= Tacit collusion =

Collusion between competitors

Tacit collusion is a collusion between competitors who do not explicitly exchange information but achieve an agreement about coordination of conduct. There are two types of tacit collusion: concerted action and conscious parallelism. In a concerted action, also known as concerted activity, competitors exchange some information without reaching any explicit agreement, while conscious parallelism implies no communication. In both types of tacit collusion, competitors agree to play a certain strategy without explicitly saying so. It is also called oligopolistic price coordination or tacit parallelism.

A dataset of gasoline prices of BP, Caltex, Woolworths, Coles, and Gull from Perth gathered in the years 2001 to 2015 was used to show by statistical analysis the tacit collusion between these retailers.
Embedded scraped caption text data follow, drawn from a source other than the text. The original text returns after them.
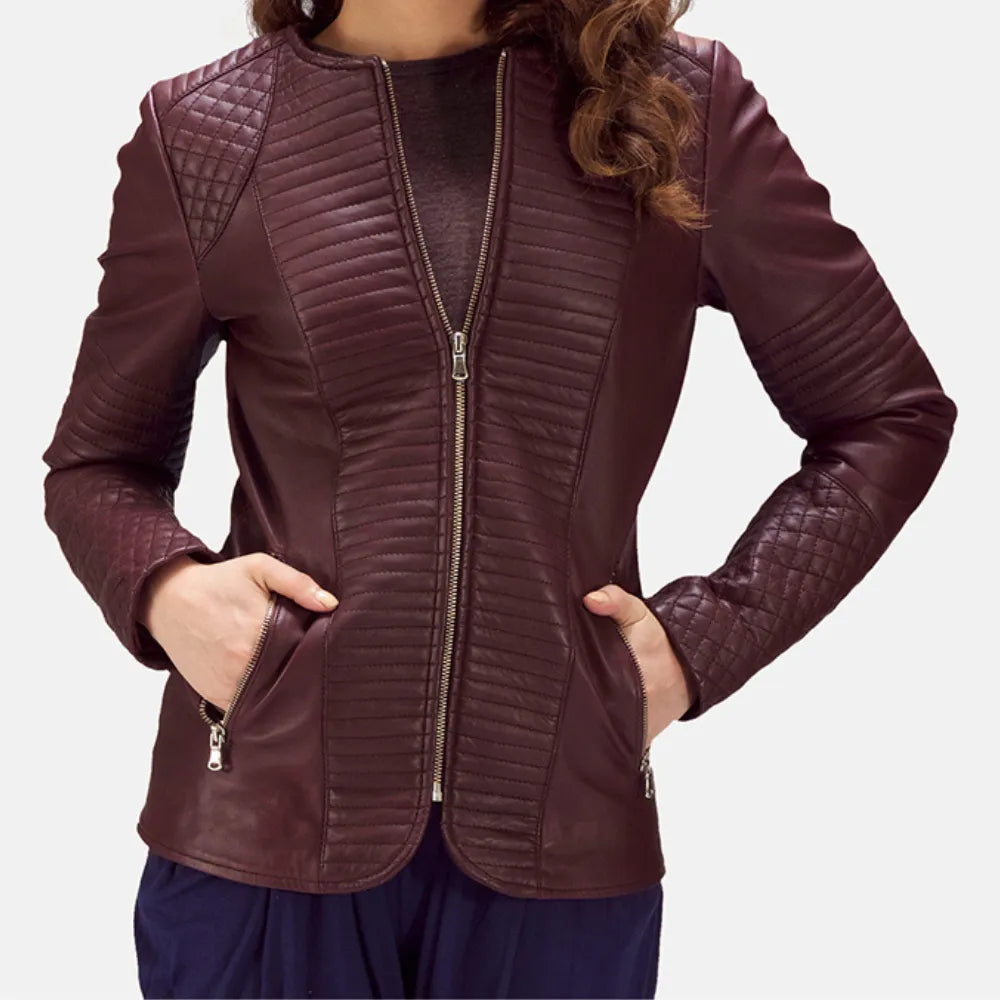 Leather Jacket Maroon - Quilted viscose lining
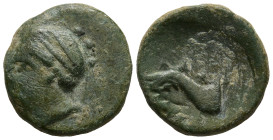 IONIA. Phokaia. (Circa 300 BC).
AE Bronze (11mm 1.01g)
Obv: Female head (Aphrodite?) left, with hair in sphendone.
Rev: Head of griffin left.
SNG ...
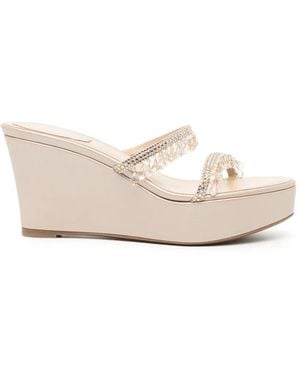 Rene Caovilla 85Mm Taylor Wedge Sandals - Natural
BP emerged as a price leader and influenced the behavior of the competitors. As result, the timing of price jumps became coordinated and the margins started to grow in 2010.

==Conscious parallelism==
In competition law, some sources use conscious parallelism as a synonym to tacit collusion in order to describe pricing strategies among competitors in an oligopoly that occurs without an actual agreement or at least without any evidence of an actual agreement between the players. In result, one competitor will take the lead in raising or lowering prices. The others will then follow suit, raising or lowering their prices by the same amount, with the understanding that greater profits result.
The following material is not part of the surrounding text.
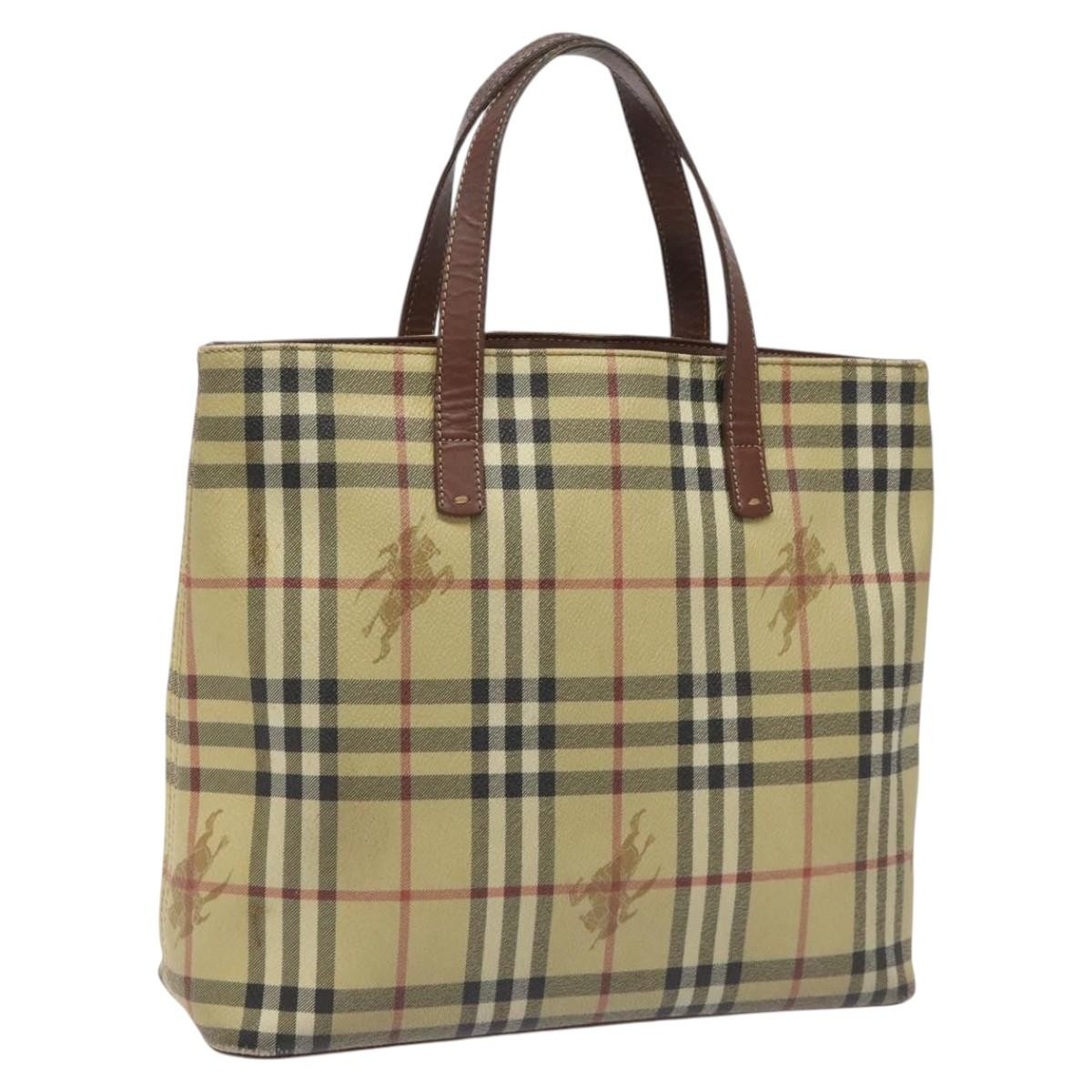 Burberry Top Handle Tote Haymarket Coated Canvas Beige Canvas Tote Bag Bag (Pre-Owned)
This practice can be harmful to consumers who, if the market power of the firm is used, can be forced to pay monopoly prices for goods that should be selling for only a little more than the cost of production. Nevertheless, it is very hard to prosecute because it may occur without any collusion between the competitors. Courts have held that no violation of the antitrust laws occurs where firms independently raise or lower prices, but that a violation can be shown when plus factors occur, such as firms being motivated to collude and taking actions against their own economic self-interests. This procedure of the courts is sometimes called as setting of a conspiracy theory.

Based on this interpretation, conscious parallelism is frequently analysed under antitrust economics as a behavioural pattern that results from the strategic interdependence of firms in oligopolistic markets. When there are a few large competitors in a particular market, each firm realises that its pricing choices are going to affect (and be affected by) the responses of the other firms. As a result, firms can change prices or output in similar directions without having explicit agreements, with the effect that they approach coordinated behaviour even though each firm is acting independently.

Economic theory suggests that such parallel behaviour can be the result of the fact that firms can anticipate the mutual harm that aggressive price competition will inflict on them all. In concentrated markets, the firms may thus have pricing strategies that keep their prices higher and more stable, since they look at how their competitors are doing and adjust their behaviour accordingly. This form of coordination does not necessarily involve any communication, but rather reflects the structural incentives generated by oligopolistic competition as well as the information that firms acquire by watching one another in the marketplace.

For the courts and competition authorities, the challenge is deciding what lawful competitive behaviour is and what is tacit collusion. Parallel pricing alone is not illegal, as the firms are allowed to monitor market conditions and adjust their moves in response to the moves made by their competitors. As a result, antitrust enforcement has frequently depended on the identification of other indicators (commonly referred to as "plus factors"). These may involve things that would be economically irrational in the absence of coordination or evidence of communication between firms or of market conditions that strongly encourage coordinated behaviour. The existence of such factors may assist the courts in deciding whether parallel behaviour involves independent decision-making or implicit collusion.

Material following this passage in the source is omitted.